Goal of the exercise: Type out the data exactly as given. Skip any image.

*** Opening of Provided data ***

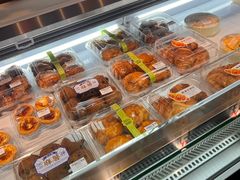 -瑞虹新天地月亮湾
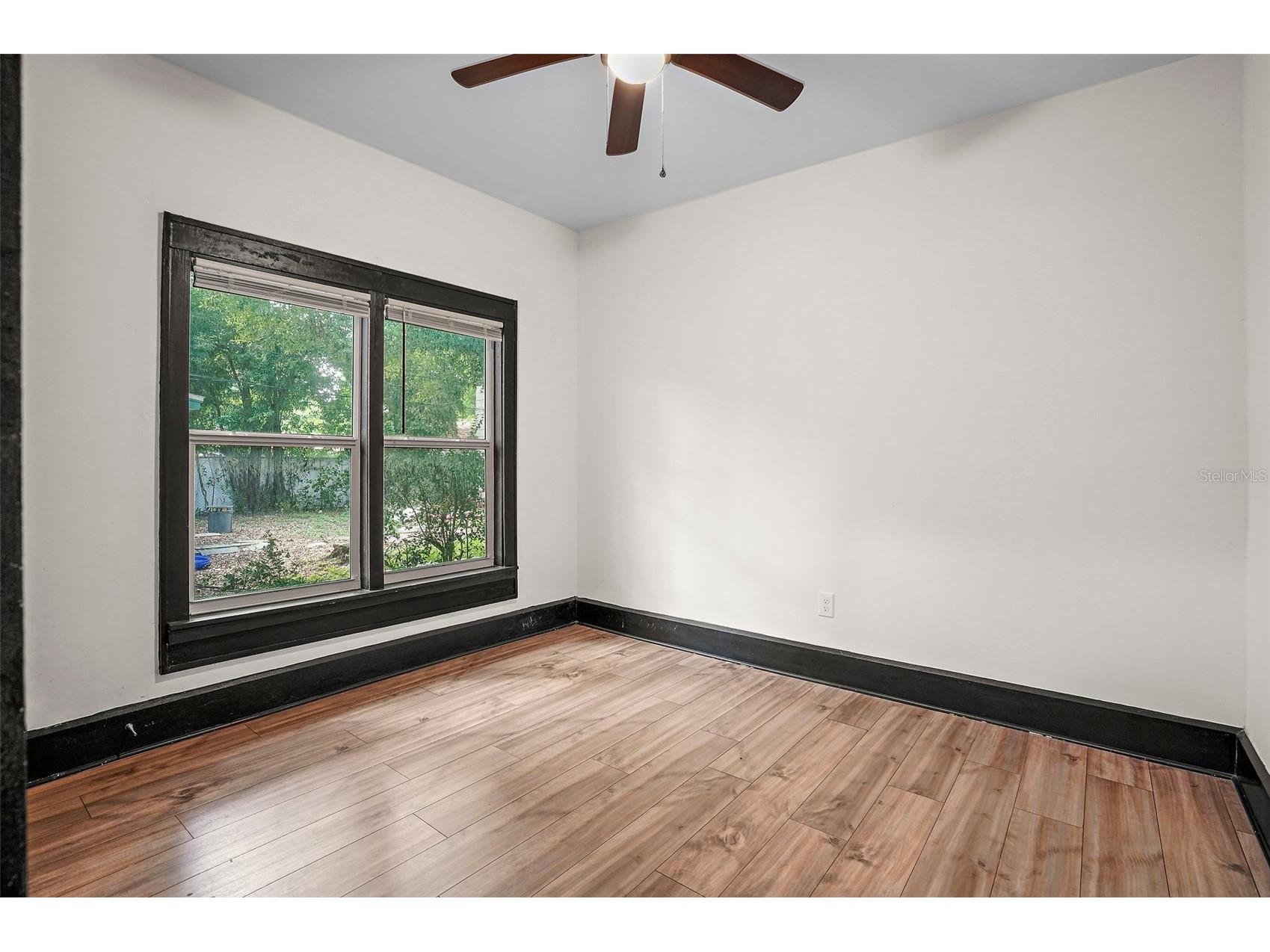 2111 Burlington Avenue N Saint Petersburg FL 33713 TB8523736 image22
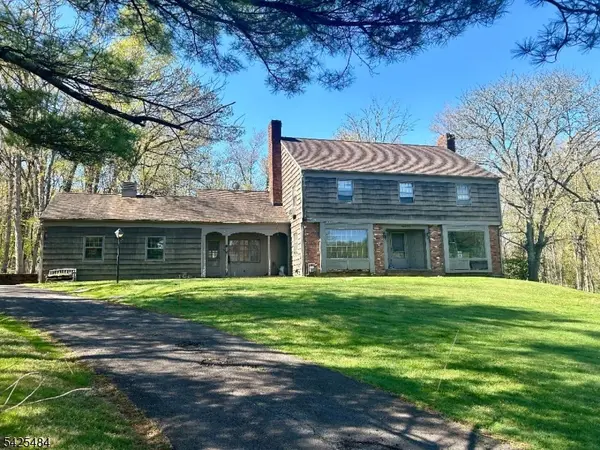 60 Meadowlark Drive, Watchung Boro, NJ 07069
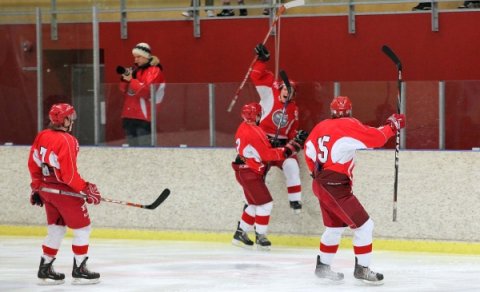 Fagnað að hætti hússins.  Myndina tók Ásgrímur Ágústsson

*** Close of Provided data ***

Answer box:
 -瑞虹新天地月亮湾
 2111 Burlington Avenue N Saint Petersburg FL 33713 TB8523736 image22
 60 Meadowlark Drive, Watchung Boro, NJ 07069
 Fagnað að hætti hússins.  Myndina tók Ásgrímur Ágústsson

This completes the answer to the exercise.